There is some scant evidence of a straight edge opening, so when I made my own coat, I opted for something between the two. I choose a deep V neck that has only the very slightest curve to it. Unfortunately, my entire coat came out too large, so that neckline opens up too much and the whole thing wants to slide off my shoulders. (Fortunately, I already have cloth with which to craft a new outergarment at some point.)
I think the most brilliant reconstruction I have seen so far is offered by a reenactor named Louise Archer. She gave me permission to share her work here. Her coat is which is made from a Herdwick diamondtwill wool and in her detail photos you can see she has a Dublin scarf.
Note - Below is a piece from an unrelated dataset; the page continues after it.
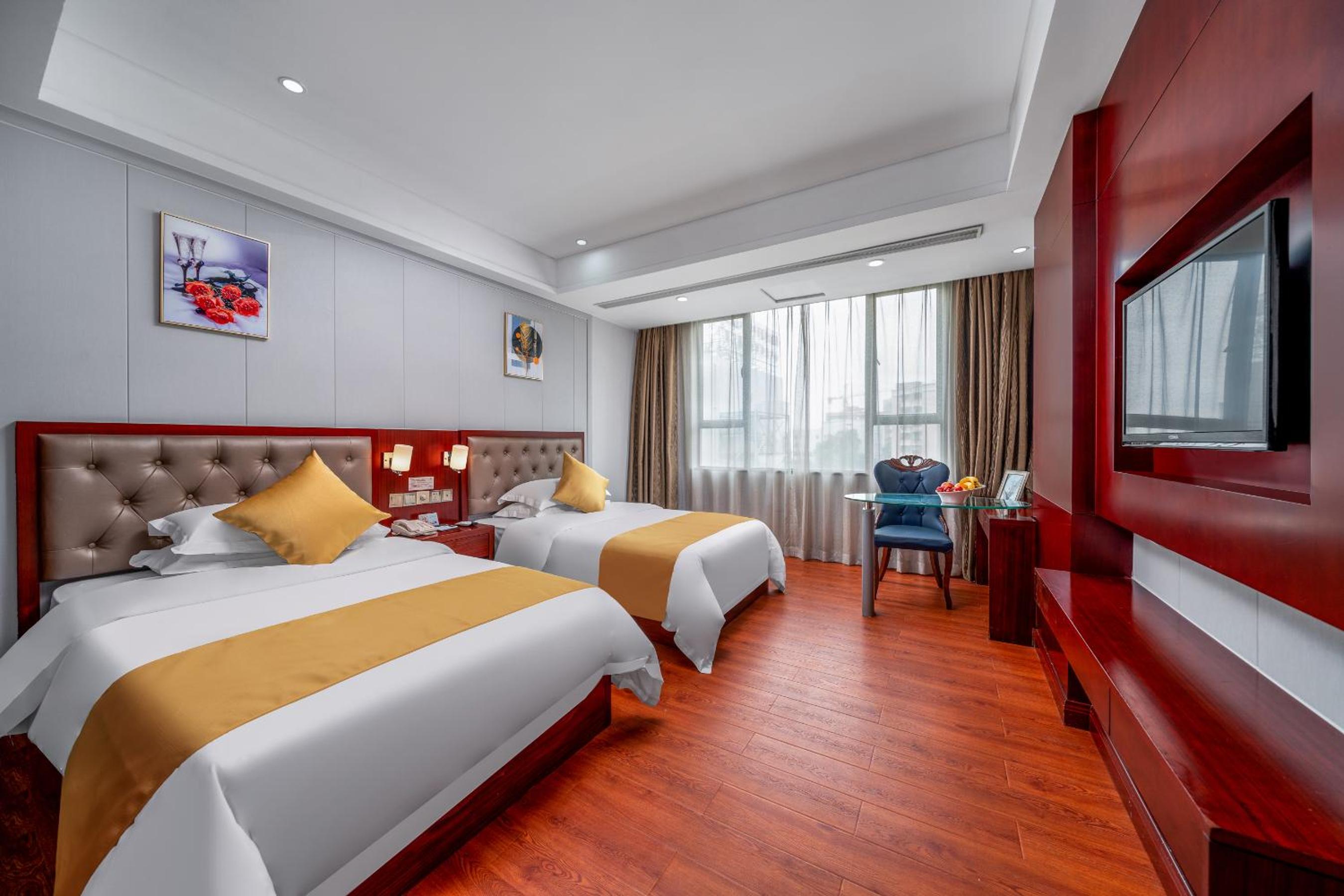 Business Twin Room photo 3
That is made from Manx Loghtan wool! (I cannot express how much I love her choices, and how lucky I think she is to find these wools to work with.) Her coat comes to the neckline, as would a straight-opening male caftan. She can fasten it at the top for warmth, OR just use the brooch further down, which allows it to open at the top around her brooches and bling. This is practical the similarities to the proposed male garment make it make a great deal of sense. Beyond that, this construction (or anything with a straight edged front) also makes it somewhat similar to items from nearby cultures (such as Frankish or Saxon women's coats).
Beyond her wonderful coat, I also wanted to point out the photo of her Dublin style cap. This very will illustrates one of the points I made a few days ago in my article on the facts we have about headcoverings from the Viking Age (that being that all of the extant examples are actually very, very tiny).
I really love this work and look forward to seeing more from Louise.